In the study, Pure Storage revealed that digital transformation is reaching a tipping point across the region, with 57 per cent of businesses across A/NZ, and 46 per cent of businesses across the Asia Pacific and Japan region, now deriving more than half their revenue from digital streams.
The independent survey which polled more than 3,000 organisations in Asia-Pacific and Japan and 500 in A/NZ, also found that 52 per cent of businesses in A/NZ are looking to digital services to drive faster innovation, while 44 per cent said digital services can help them determine new potential business models.
But against this digital gold rush, businesses across A/NZ are still unsure about the optimal IT strategy that underpins their move to digital, and who is responsible for it, it stated.
Specifically, companies in A/NZ are on the fence about cloud – 50 per cent of businesses polled said they plan to move their business critical workloads to public cloud in the next 18 to 24 months, with the rest planning to adopt private cloud solutions.
In addition, it found that 34 per cent of A/NZ enterprises have moved workloads from public cloud back to on-premises, with the biggest concern against public cloud use being security (57 per cent of respondents).

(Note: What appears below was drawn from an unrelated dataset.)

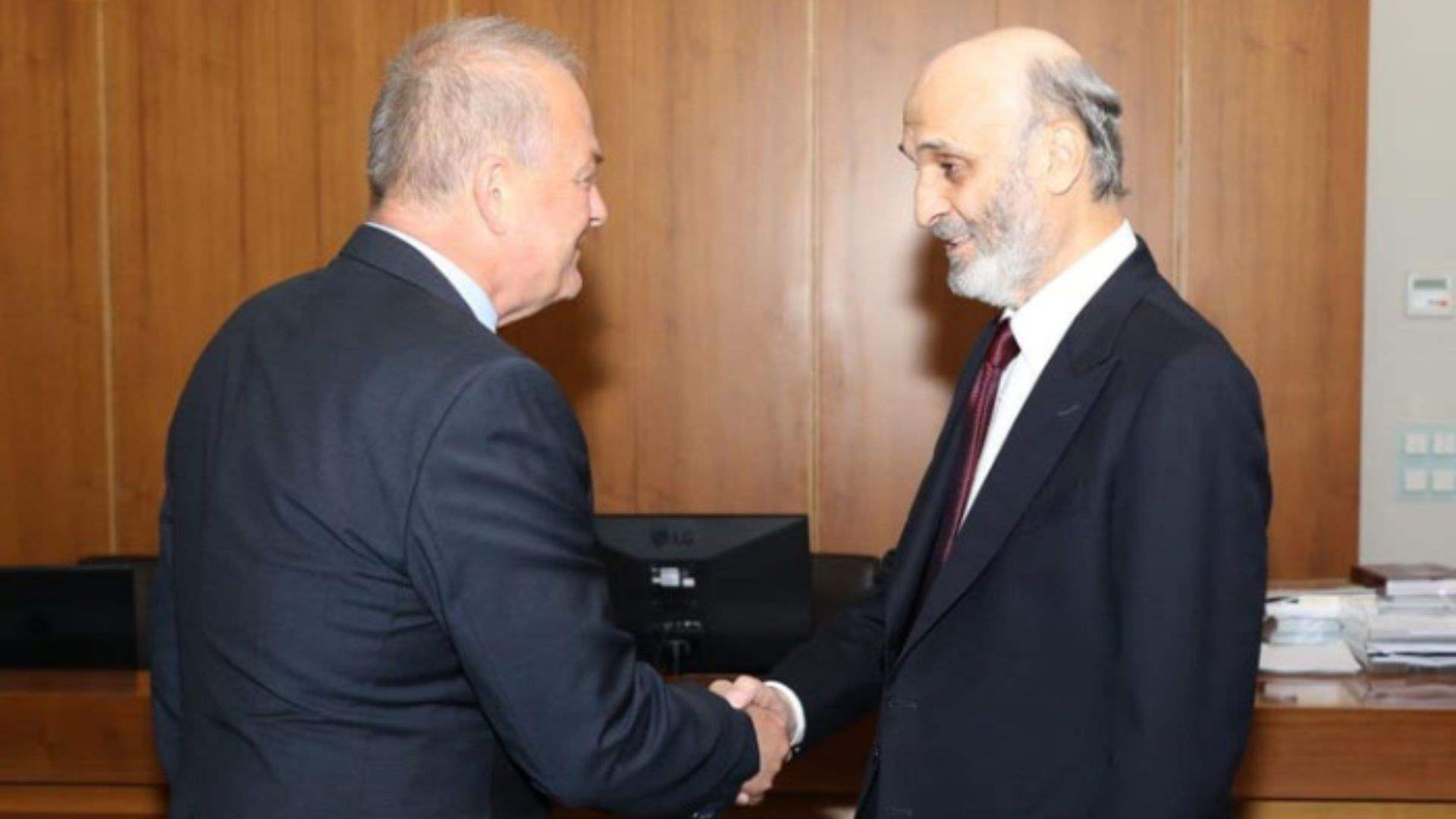 Geagea discusses local, regional developments with Russian Ambassador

Pure Storage A/NZ regional vice-president, Mike Sakalas, said local enterprises are learning that if they want to build out a new class of web-scale applications and leverage the latest in predictive analytics, AI, and machine learning, they need the right data strategy and platform.
“Australian and New Zealand businesses have faced a colossal shift in infrastructure in light of digital transformation over the last few years.
“But this drive to digital hasn’t translated into a headlong rush to public cloud, like in other regions, making it clear that organisations across A/NZ are being thoughtful about how they store, collect, and use data,” he mentioned.
But with the right strategies in place, businesses might find success in these areas.
The study found that public cloud is poised to grow in Asia-Pacific and Japan, with 54 per cent of respondents in the region planning to increase public cloud usage over the next 18 to 24 months.
Pure Storage Asia Pacific and Japan regional vice-president, Michael Alp, said businesses need to understand how to use the entire data ecosystem — cloud and on-premises — in order to put their data to work and mine insights to deliver customer results.
“It’s clear that digital transformation is no longer just a buzzword, it’s actually happening. This transformation will affect all businesses across the region in the coming years, forcing them to reconsider how and when they collect and use data,” he added.